Si hanno notizie di questo pregiato formaggio oggi tutelato dal Presidioo slow food per le sue tecniche di lavorazione antichissime e ancor oggi identiche ai tempi che furono già a partire dal 1400.

Nel secolo scorso lo storico siciliano Antonino Uccello, preoccupato del forte movimento migratorio di tanti siciliani verso le terre del Nord Italia avvertì la necessità di non disperdere almeno tanti patrimoni culturali della Sicilia rurale e andò a rintracciare alcuni di questi ultimi "resistenti" delle campagne. Scrisse un libro dal titolo "Bovari, pecorari e curatoli" dove si fece raccontare i tanti perchè di tante scelte di vita e soprattutto mise per iscritto i tanti strani passaggi che portano a certe storiche produzioni delle antiche tradizioni.

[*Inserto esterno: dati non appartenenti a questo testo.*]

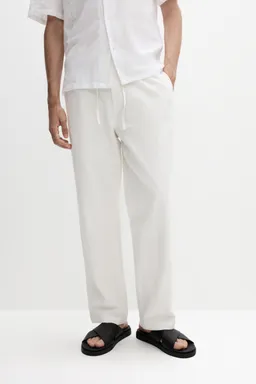 Pantalón estructura crepe de Lefties en Pantalones para argentina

La Provola dei Nebrodi è proprio una di queste. E' cioè un formaggio che si produce soltanto con l'esperienza tramandata nelle generazioni e ancora oggi con gli antichi strumenti di un tempo.

Aree di produzione della Provola dei Nebrodi

La provola dei Nebrodi si produce ancora oggi in tutti i comuni del comprensorio del Parco naturale dei Nebrodi anche se ogni sottozona la produce con delle tipologie di dimensioni della forma differenti: si va dal chilogrammo nei Nebrodi Nord Occidentali (area di Mistretta, Castel di Lucio, Caronia), al chilogrammo e mezzo, quasi due chili nei Nebrodi Centrali (area di Floresta, Ucrìa, Castell’Umberto) per arrivare ai cinque chili nei Nebrodi Orientali (Basicò, Montalbano Elicona).

La provola dei Nebrodi e le altre provole: quali differenze

La Provola dei Nebrodi è l'unica provola tra tutte che già a monte è preparata per essere portata a medio lunga stagionatura. In questo influisce il processo di lavorazione.

Si presenta con la forma che è già tipica di un caciocavallo ma ben più panciuto e con la parte superficiale liscia anche dopo 6-8 mesi di stagionatura.

La produzione della Provola dei Nebrodi

Il procedimento di preparazione di tale pregiato formaggio è molto lungo e richiede molta manualità ed esperienza del casaro.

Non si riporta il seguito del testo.